** Data supplied **
****************************************

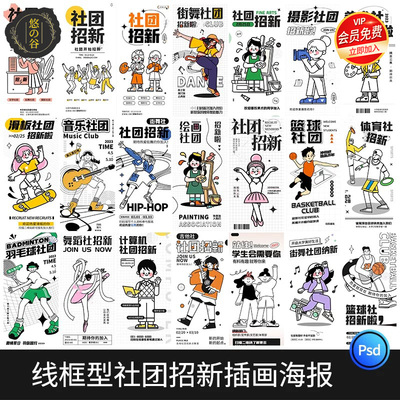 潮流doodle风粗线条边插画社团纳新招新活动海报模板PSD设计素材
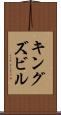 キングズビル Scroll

****************************************

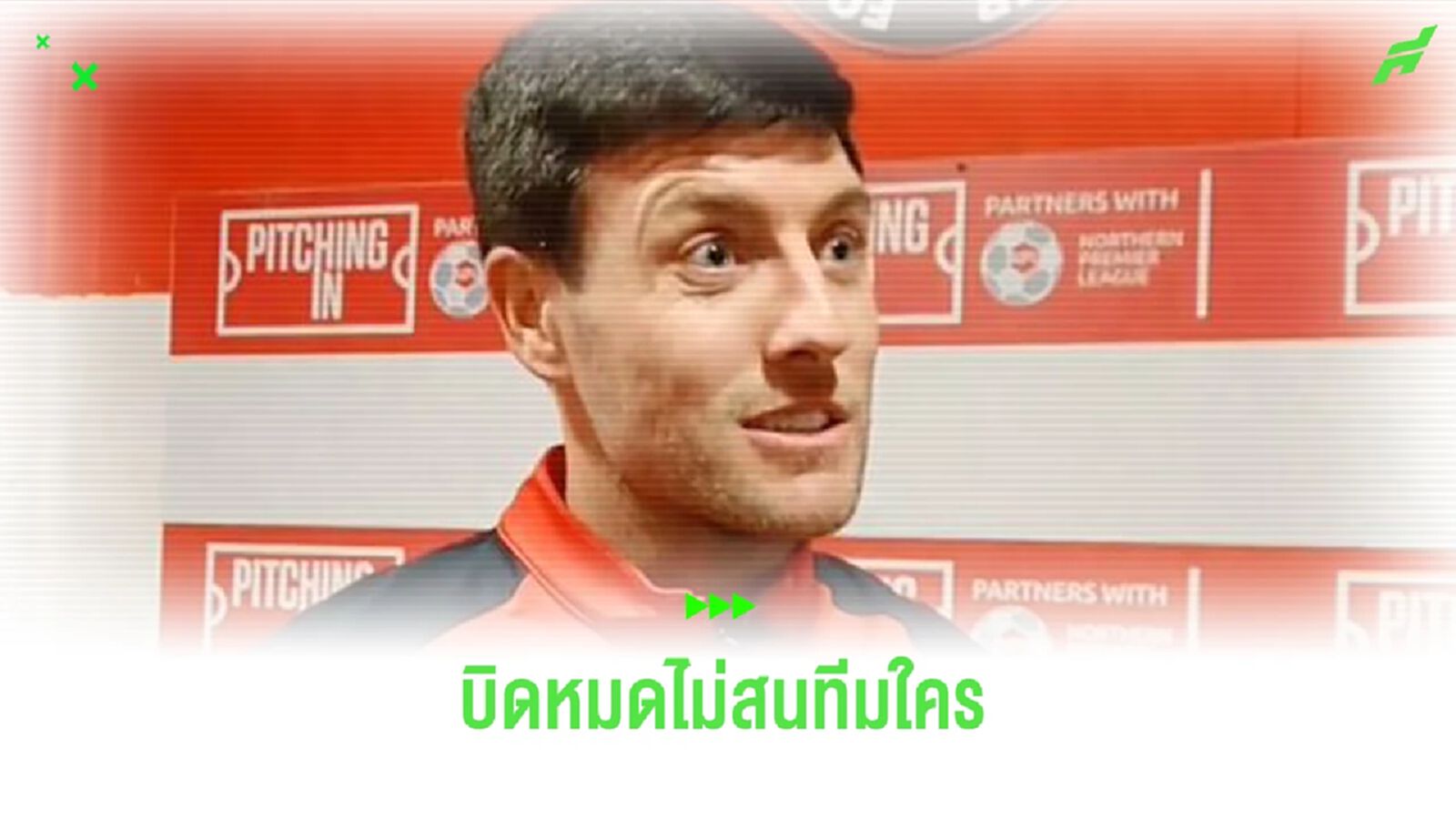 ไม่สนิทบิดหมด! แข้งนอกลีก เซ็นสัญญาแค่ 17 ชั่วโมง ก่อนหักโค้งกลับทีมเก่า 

****************************************

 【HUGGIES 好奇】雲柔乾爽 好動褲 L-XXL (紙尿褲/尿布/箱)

****************************************

** Your task **
Going by the data above, give back only the lines from the one containing "潮流doodle风粗线条边插画社团纳新招新活动海报模板PSD设计素材" through the one containing "キングズビル Scroll", exactly as they stand, both ends included and no images.

** Output below **
 潮流doodle风粗线条边插画社团纳新招新活动海报模板PSD设计素材
 キングズビル Scroll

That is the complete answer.